I was shocked when I heard it the 1st time. Us? Living full-time in the coach? One step away from homeless? No way!

BUT, there are those RV parks you drive into, look around and think yuck! The junk, the mess, the tents, the lean-to’s, the trash. Now I don’t want to mention any specific names of these RV parks – you’ve all seen them and you know where they’re at. But, I have a hard time seeing this in my home town of Toronto.

And then, I ask myself why not Toronto? You see plenty of homeless people sleeping on the sidewalks downtown, street kids trying to make a buck and plenty of volunteers passing out sleeping bags, warm clothes and working in soup kitchens as the weather gets colder. Price of real estate is going through the roof, cost of living is always on the rise and this is an expensive city to live and work in. AND, there’s so much construction, renovation, re-building and re-growth it’s also the City of Opportunity. BUT, it makes me sad to see the ‘yucky’ side of RV living – especially in a world-class city like Toronto.

A lot of RV parks have a 2-week maximum stay rule (although one learns that sometimes rules don’t mean anything). I questioned that when we 1st started and was basically told it’s to keep the sites clean and neat.

What do you mean?
Well, the longer people stay the more ‘stuff’ they accumulate.

Yes – think of the full basement in your old house… The 4 bedrooms… The double car garage…

Oh yeah, we had stuff!

You can tell the RV sites that people have been at for awhile. The big BBQ with a couple of empty propane tanks, too many lawn chairs, a stack of wooden pallets for firewood, toppled over garden gnomes, solar lights no longer working, over-flowing recycling bins outside the doors, basically – just messy.


But then, I’ve also seen that in some of the neighbourhoods we’ve lived in. There’s usually someone with the mess. We had neighbours in beautiful Oakville that we referred to as the TT’s… They moved a couple of streets over into an even larger, more expensive house and yes, they were still TT’s.

The majority of RV parks we stay in are beautiful, neat and well-kept. There’s also a pride of presumed ownership that transcends to the washing and polishing of RV’s, the planting of flower pots and garden plants, displaying the garden flags and whirly-gigs, engaging in good conversation, sharing food and drink and always keeping a watchful eye over your RV neighbours.

img_2249It’s not always yucky – but as we finish our dinner of grilled halibut and steamed swiss chard and sip on a delicious chilled white wine – I can’t help but feel sad for the family of 5+ in their tent – a couple of rows over – in the pouring rain and dropping temp’s. BUT, they’re not homeless…

While I hate seeing this in my home town… I guess it can’t always be sunshine and roses and beaches and hot-air balloon fiestas. Can’t it?

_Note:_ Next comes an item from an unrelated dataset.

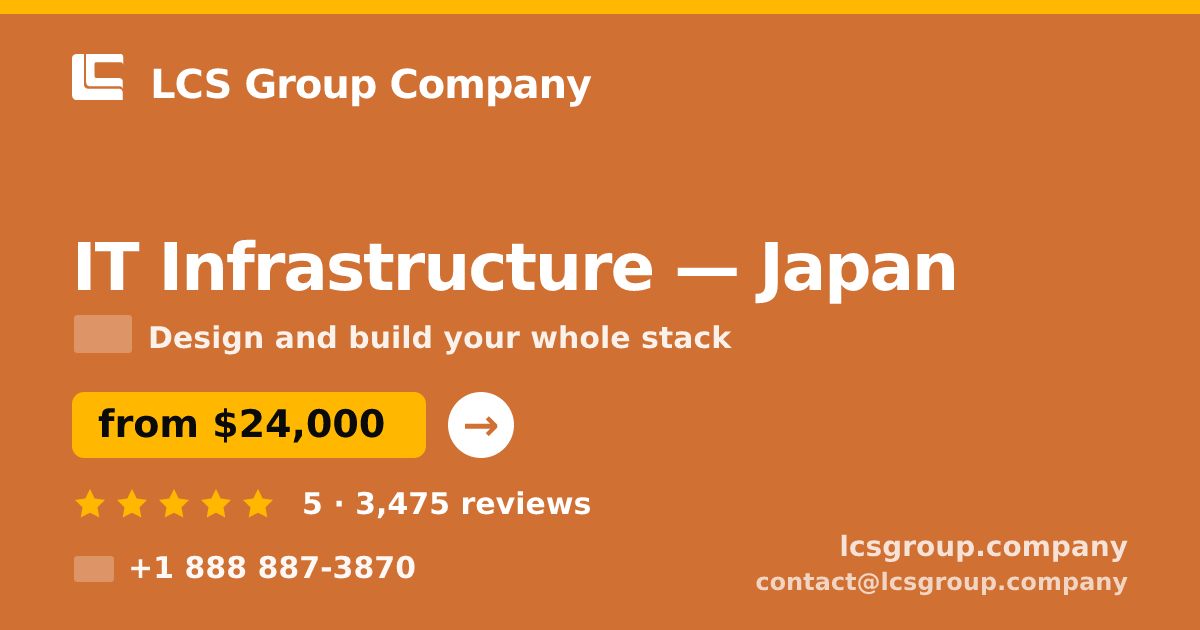 IT Infrastructure in Nagoya — from $27,500, rated 4.8/5 by 386 clients. LCS Group Company.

2 thoughts on “IT’S NOT ALWAYS ROSY!”

  1. Interesting entry. I know some people CHOOSE to live in a castle and others CHOOSE to live in a forest. I know there are more sad castle dwellers than there are forest dwellers. Listen to the families of 5+ in their tents and you might hear pure joy and elation being returned to the universe. There is no such thing as junk when someone is receiving happiness from it. A really sad day for me was when I threw out what I thought was junk: it was the middle stage of what was going to be a birthday present. The hurt on a little face after it was called junk is not a thing I enjoyed seeing. We need to smile more and compare less. We need to see junk for the treasure it is and the joy it is bringing…even if it is not to me. Be happy in all things you do.